Restate, word for word and with no pictures, the stretch of lines in the data below that begins at the line with "Woman placing an" and ends at the line with "关于颅内动脉瘤的一些要点,你知道多少?", inclusive.

- _Supplied data_:
━━━━
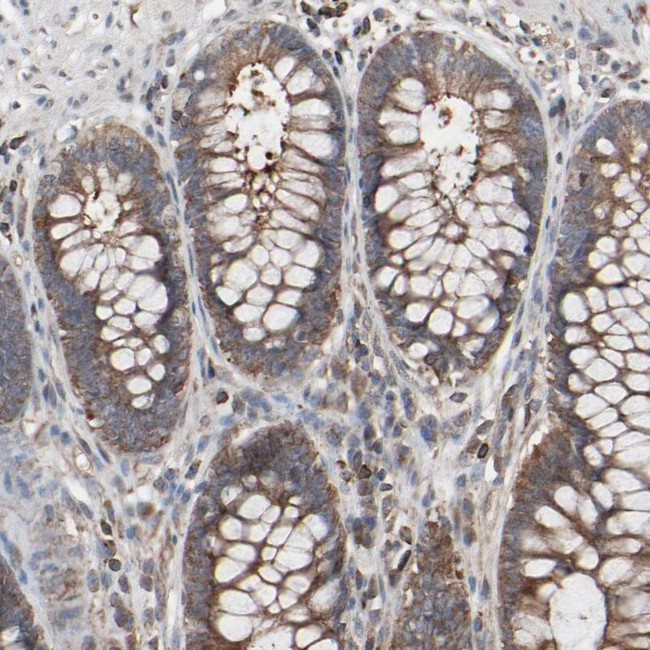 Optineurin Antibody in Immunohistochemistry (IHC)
━━━━
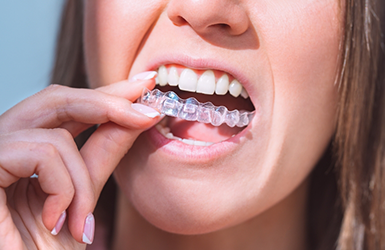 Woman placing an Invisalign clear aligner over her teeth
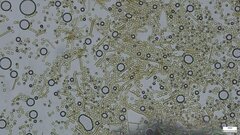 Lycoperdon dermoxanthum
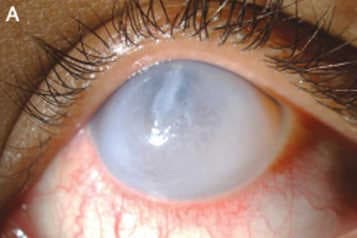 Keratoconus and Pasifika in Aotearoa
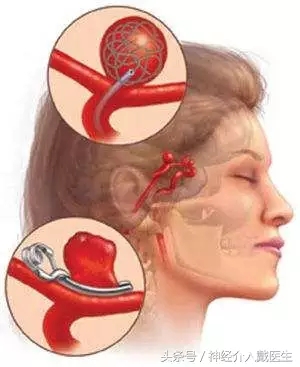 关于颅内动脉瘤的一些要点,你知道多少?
━━━━
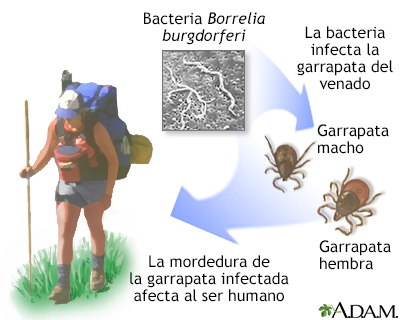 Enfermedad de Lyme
━━━━
- _Task result_:
 Woman placing an Invisalign clear aligner over her teeth
 Lycoperdon dermoxanthum
 Keratoconus and Pasifika in Aotearoa
 关于颅内动脉瘤的一些要点,你知道多少?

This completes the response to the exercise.